Thank you.  I figured those branches that are a part of or hold closer ties to Catholicism probably held the belief...


----------



## Crackers Phinn (Mar 29, 2009)

divya said:


> Interesting. I belong to branch of the Christian faith that recognizes the sacrificial/ceremonial system as pointing to Christ as the Paschal Lamb.
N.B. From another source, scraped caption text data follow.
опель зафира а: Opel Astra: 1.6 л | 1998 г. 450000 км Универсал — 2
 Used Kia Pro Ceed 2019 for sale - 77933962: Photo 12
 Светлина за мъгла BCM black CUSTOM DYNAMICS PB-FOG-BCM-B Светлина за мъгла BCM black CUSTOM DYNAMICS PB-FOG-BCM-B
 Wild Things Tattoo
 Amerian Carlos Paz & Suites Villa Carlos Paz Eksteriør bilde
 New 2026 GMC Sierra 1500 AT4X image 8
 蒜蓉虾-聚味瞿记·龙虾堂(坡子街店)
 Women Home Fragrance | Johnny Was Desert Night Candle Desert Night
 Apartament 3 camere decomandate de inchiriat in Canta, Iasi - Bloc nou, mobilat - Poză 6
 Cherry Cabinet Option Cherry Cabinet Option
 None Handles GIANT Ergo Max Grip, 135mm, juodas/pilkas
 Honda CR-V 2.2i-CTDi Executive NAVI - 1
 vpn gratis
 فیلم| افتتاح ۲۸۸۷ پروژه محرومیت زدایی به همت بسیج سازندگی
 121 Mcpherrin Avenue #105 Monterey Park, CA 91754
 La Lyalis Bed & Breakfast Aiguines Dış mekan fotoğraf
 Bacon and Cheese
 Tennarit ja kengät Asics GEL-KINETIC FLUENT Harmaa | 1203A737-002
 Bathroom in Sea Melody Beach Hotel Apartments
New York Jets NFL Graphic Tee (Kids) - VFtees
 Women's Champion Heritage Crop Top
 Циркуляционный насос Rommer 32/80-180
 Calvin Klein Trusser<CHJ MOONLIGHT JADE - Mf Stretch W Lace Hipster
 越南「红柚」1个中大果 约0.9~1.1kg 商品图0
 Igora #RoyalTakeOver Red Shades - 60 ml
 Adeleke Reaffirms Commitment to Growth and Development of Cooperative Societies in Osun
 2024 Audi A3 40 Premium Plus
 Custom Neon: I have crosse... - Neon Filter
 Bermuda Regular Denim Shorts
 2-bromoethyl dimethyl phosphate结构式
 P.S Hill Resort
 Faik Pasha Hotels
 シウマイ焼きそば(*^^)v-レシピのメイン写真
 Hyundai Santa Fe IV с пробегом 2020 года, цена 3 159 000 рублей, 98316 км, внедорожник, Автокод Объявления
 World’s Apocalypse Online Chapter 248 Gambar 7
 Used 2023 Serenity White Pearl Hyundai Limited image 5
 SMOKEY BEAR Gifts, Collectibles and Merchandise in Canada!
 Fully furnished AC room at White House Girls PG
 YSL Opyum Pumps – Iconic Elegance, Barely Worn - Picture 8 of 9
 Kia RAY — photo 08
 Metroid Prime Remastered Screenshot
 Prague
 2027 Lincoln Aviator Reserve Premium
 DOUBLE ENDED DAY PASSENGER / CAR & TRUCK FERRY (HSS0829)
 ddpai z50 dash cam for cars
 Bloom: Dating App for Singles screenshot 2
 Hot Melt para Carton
The meaning of all of these things, including the holy days, are deeply studied.  *The lamb slaughtered in Exodus is believed to be representative of Christ, but is not considered a transubstantiation.* Christian theology is quite vast, so one can do much reading and still not reach all the beliefs.



The underlined is in line with what I've read.  

Even within Catholicism and Catholic hybrid religions, transubstantiation tends to stay in the crackers/body, blood/wine communion realm, but not so much references to passover.  I've yet to read a Protestant description of passover transubstantiation, but invite any texts/articles that folks can provide.


----------



## GV-NA-GI-TLV-GE-I (Mar 29, 2009)

divya said:


> Thank you. I figured those branches that are a part of or hold closer ties to Catholicism probably held the belief...


 
Well, catholicism just means universal. All those churches evolved at the same time in the very early church and furthered themselves in different regions. They all celebrated the Mass or the sacrifice. They are basically the same exact church with slight differences in the belief about the nature of the Holy Spirit (descending from the Father or descending from the Father and the Son), the institution base,Rome or Constantinople?? and culture. All venerate and honor (not worship) the Theotokos, Mother of G-d,credent churches. Very different from those of the Reformation with the exception of just a few.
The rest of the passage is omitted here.